Skip to content

ADR-0399: vmaf-tune codec-adapter contract becomes a runtime contract (HP-1)

  • Status: Accepted
  • Date: 2026-05-08
  • Deciders: Lusoris
  • Tags: tooling, codec, automation, fork-local, bug-fix

Context

ADR-0237 framed the vmaf-tune codec adapter as a Protocol with a per-codec ffmpeg_codec_args(preset, quality) slice so the search loop never branches on codec identity. Phase A wired sixteen adapters into codec_adapters._REGISTRY (libx264, libaom-av1, libx265, three NVENC, three AMF, three QSV, two VideoToolbox, libvvenc, libsvtav1).

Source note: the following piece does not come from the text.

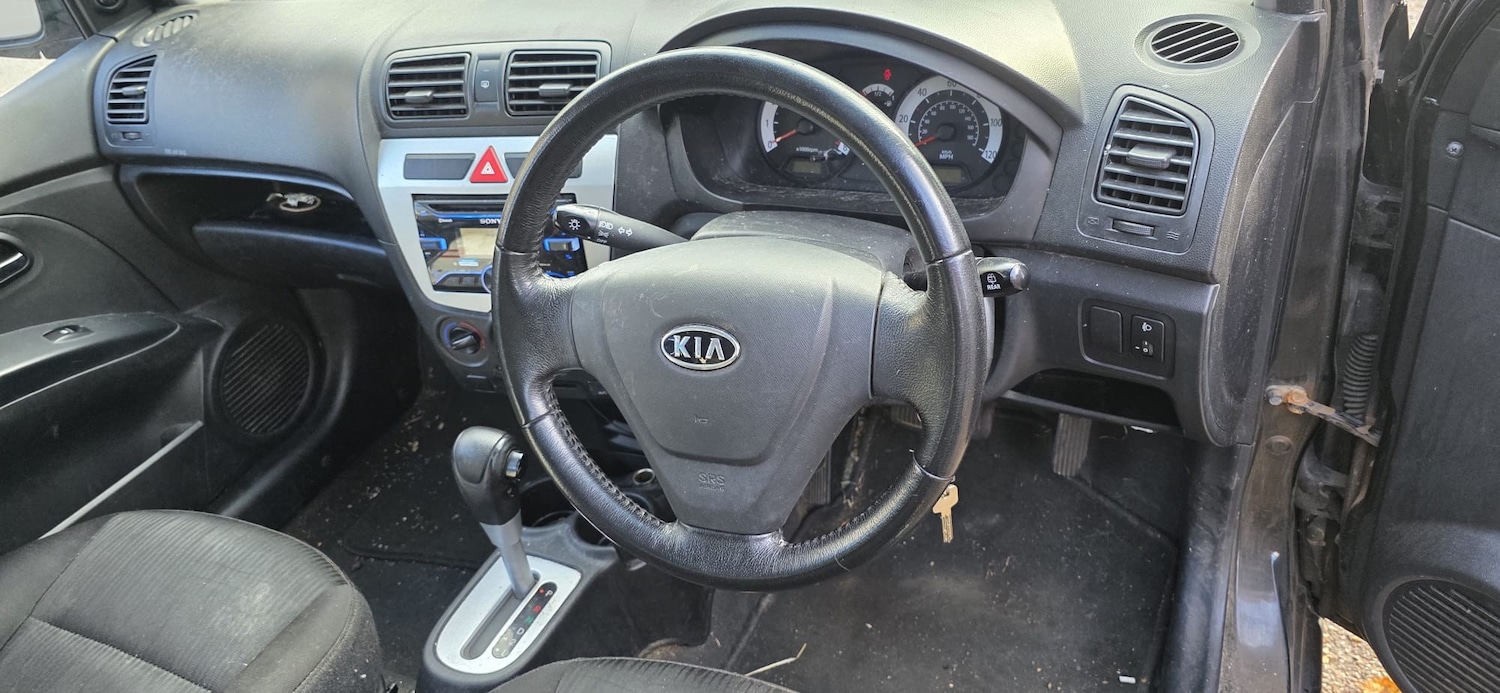 Used Kia Picanto 2008 for sale - 76353049: Photo 6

Phase A's audit (HP-1) found the contract was docstring-only: every live argv composition site bypassed the adapter and emitted a hardcoded ["-c:v", req.encoder, "-preset", req.preset, "-crf", str(req.crf)] shape. Three call sites had this pattern:

  1. tools/vmaf-tune/src/vmaftune/encode.py::build_ffmpeg_command — the Phase A grid sweep + corpus.iter_rows path.
  2. tools/vmaf-tune/src/vmaftune/per_shot.py::_segment_command — the Phase D per-shot ladder builder.
  3. tools/vmaf-tune/src/vmaftune/corpus.py::iter_rows — composes its EncodeRequest and routes through run_encode, which uses (1).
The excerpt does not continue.